The answer should hold only the lines from the one containing "Apartment Centralpoint Bratislava, Kramare, Koliba" through the one containing "10 Most Magical Disneyland Rides" in the entries below, copied exactly, without pictures.

Entries supplied>
::::::::::

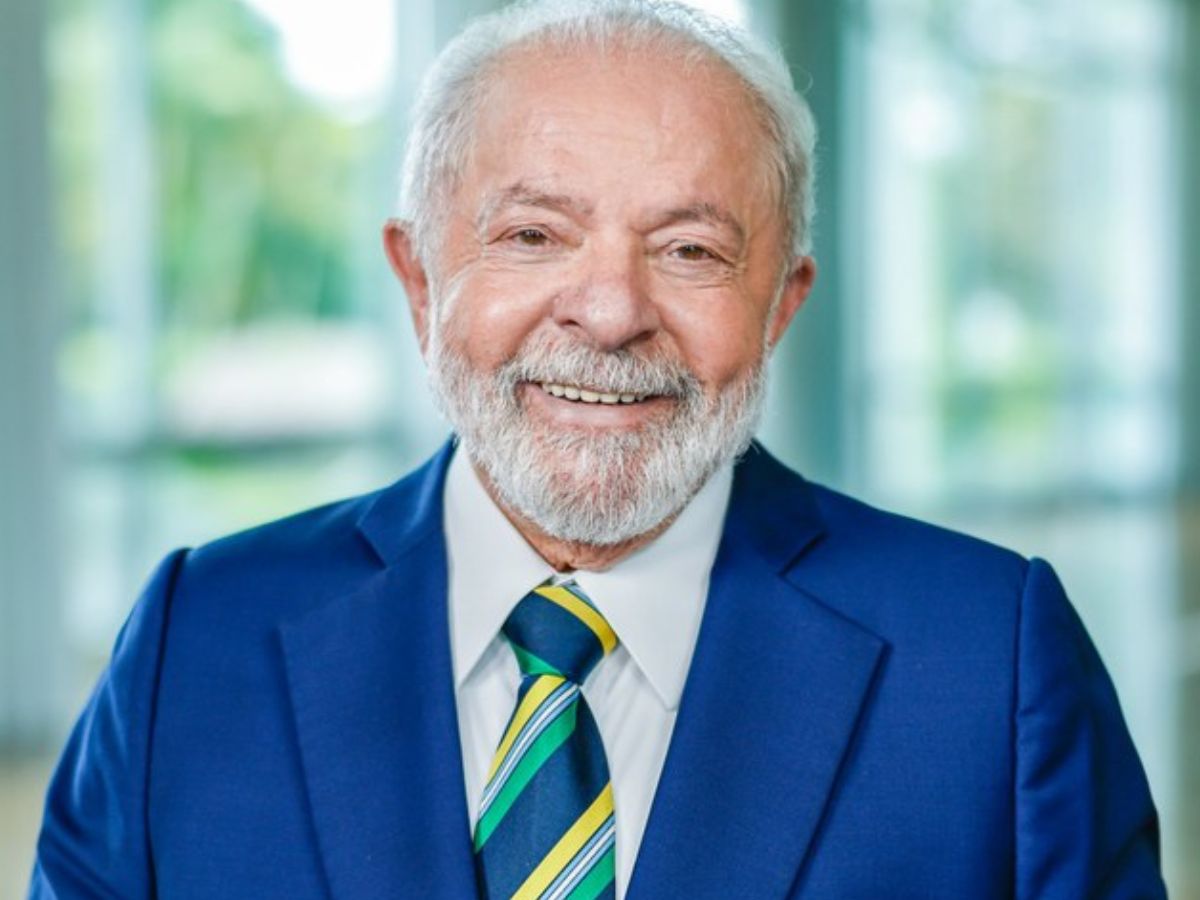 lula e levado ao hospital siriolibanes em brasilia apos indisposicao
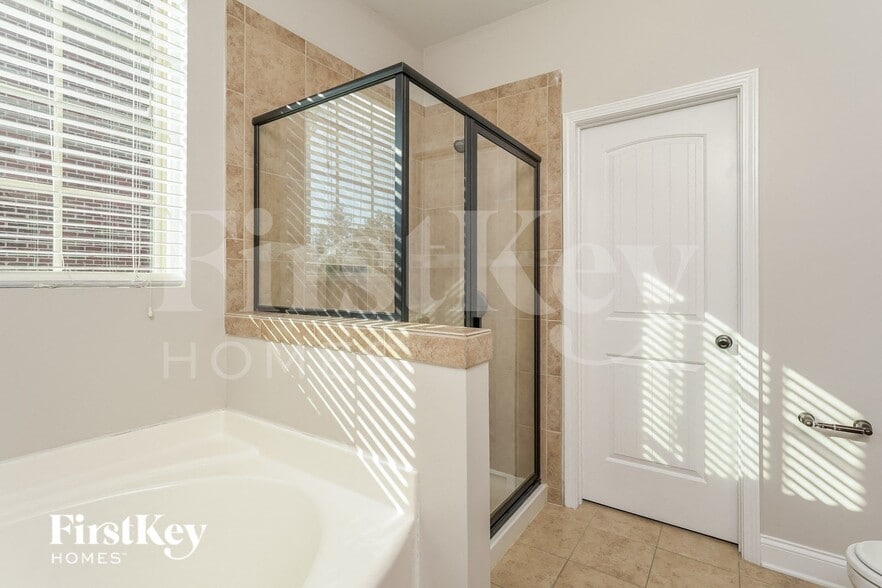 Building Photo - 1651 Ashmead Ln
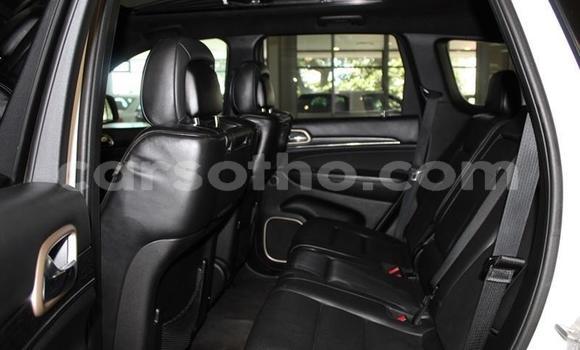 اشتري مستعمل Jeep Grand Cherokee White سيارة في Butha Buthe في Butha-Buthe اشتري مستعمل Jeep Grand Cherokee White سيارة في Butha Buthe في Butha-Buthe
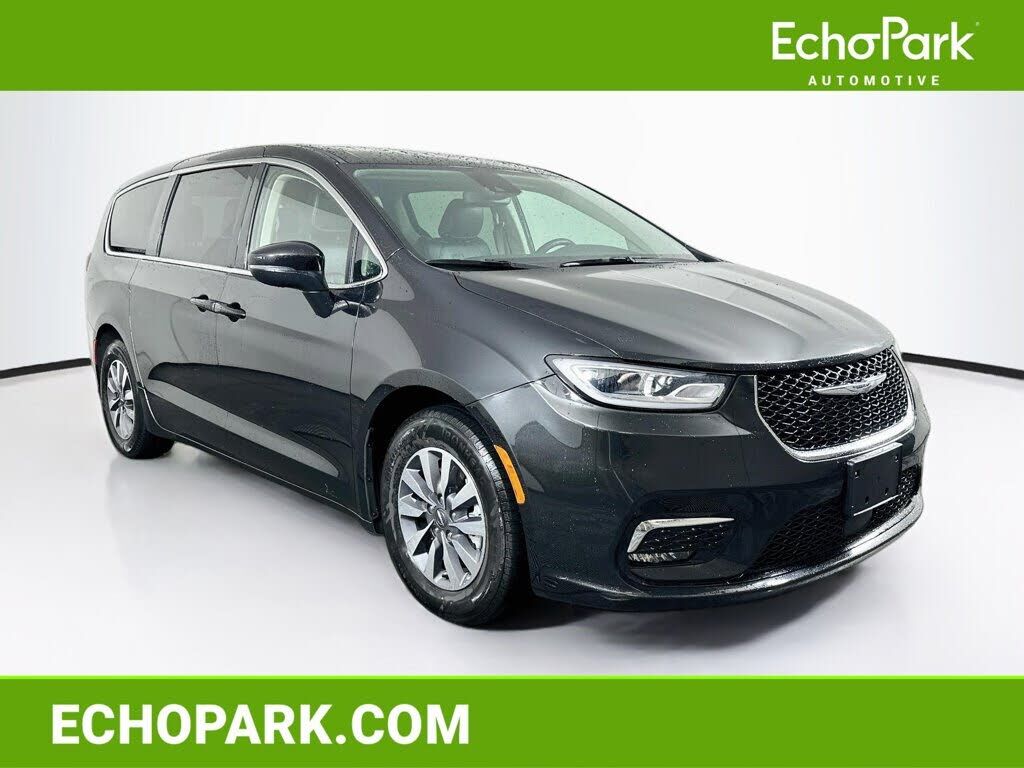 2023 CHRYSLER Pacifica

::::::::::

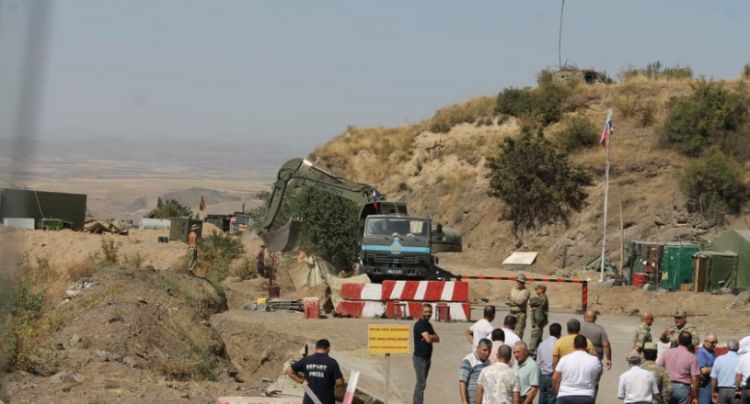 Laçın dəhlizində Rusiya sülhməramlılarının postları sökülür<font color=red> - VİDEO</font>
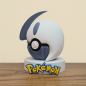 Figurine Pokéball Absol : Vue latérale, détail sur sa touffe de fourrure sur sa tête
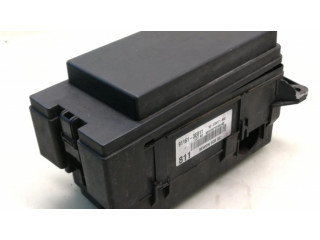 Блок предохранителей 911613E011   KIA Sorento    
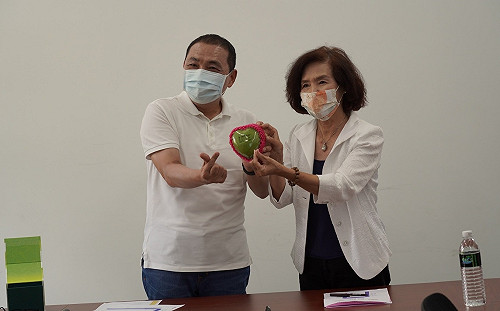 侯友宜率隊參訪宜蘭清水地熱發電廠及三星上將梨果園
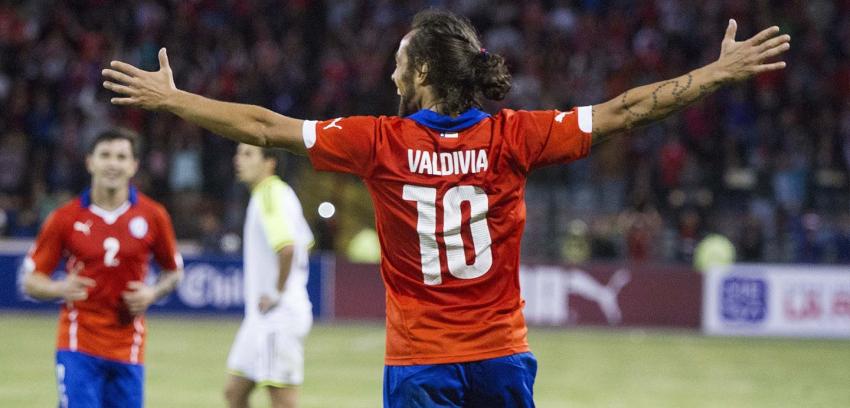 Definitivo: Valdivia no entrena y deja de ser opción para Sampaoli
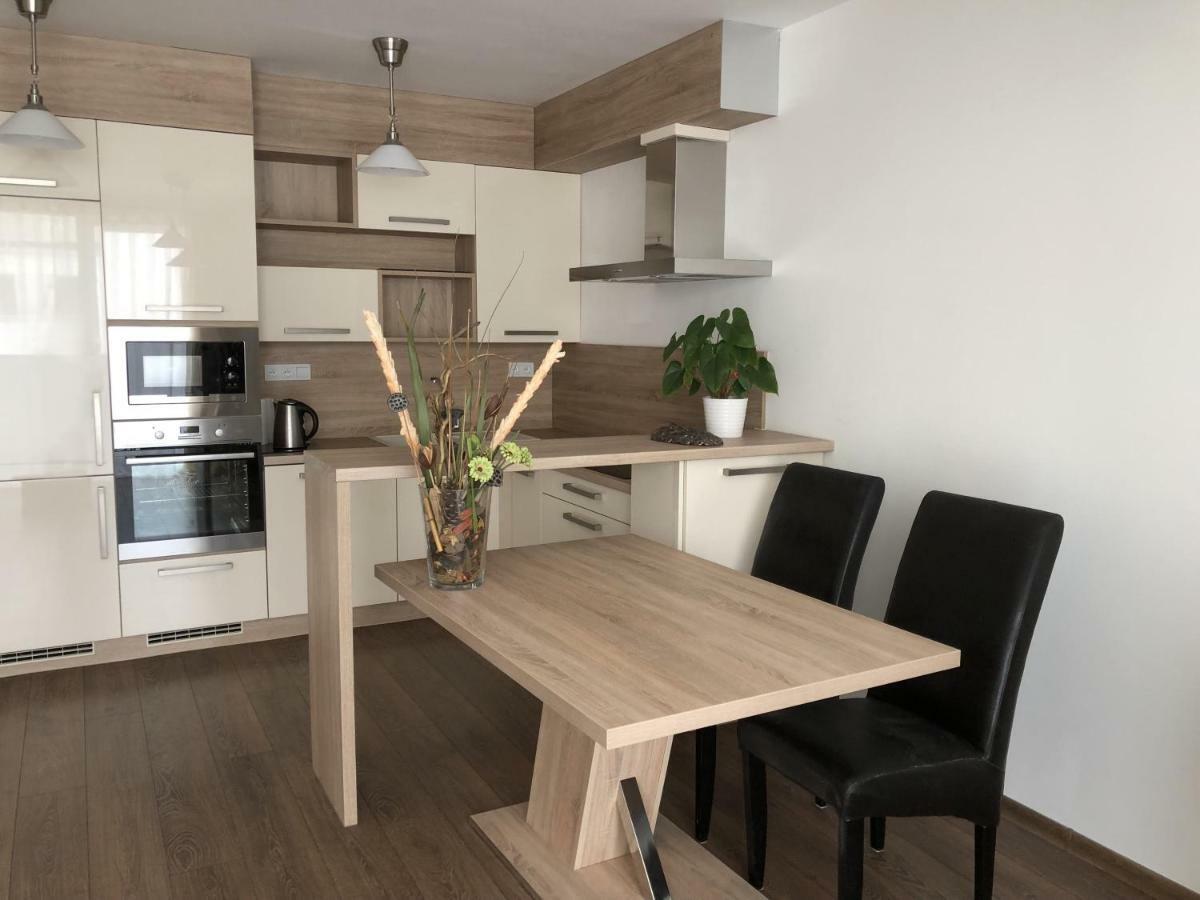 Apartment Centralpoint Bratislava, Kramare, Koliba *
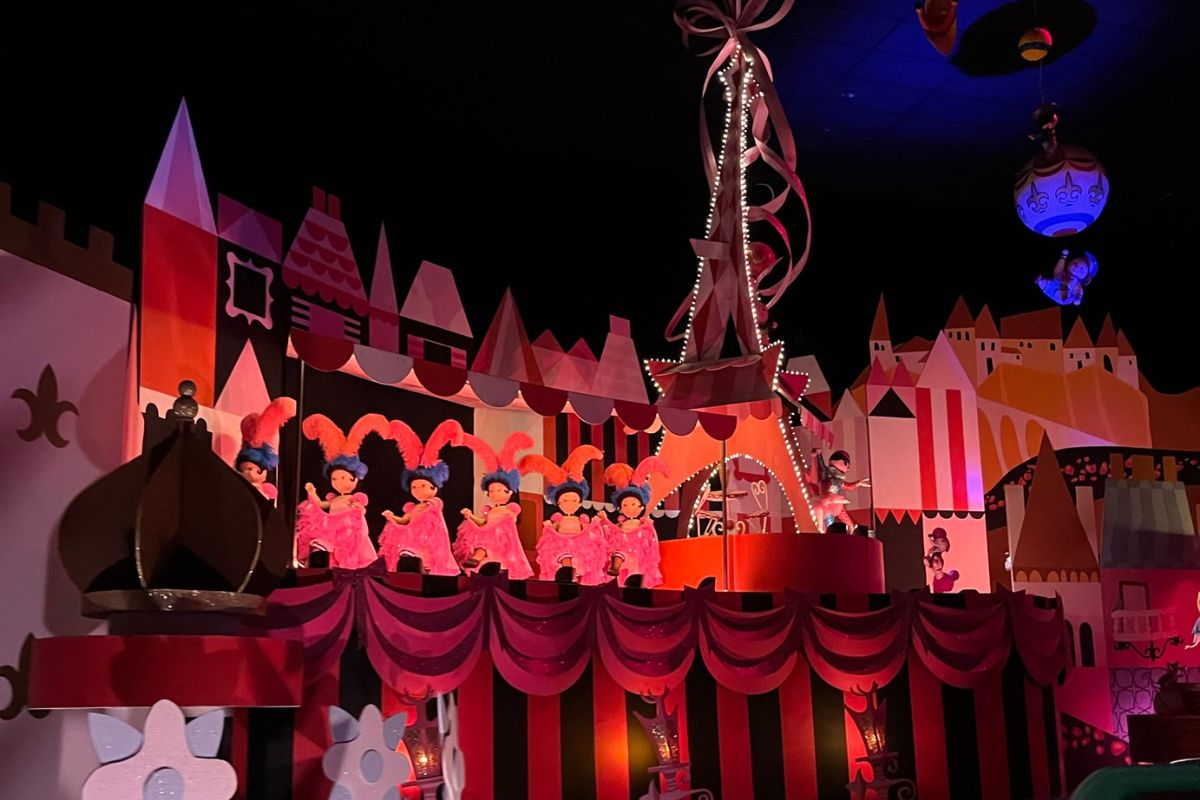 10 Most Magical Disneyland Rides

::::::::::

Written response>
 Apartment Centralpoint Bratislava, Kramare, Koliba *
 10 Most Magical Disneyland Rides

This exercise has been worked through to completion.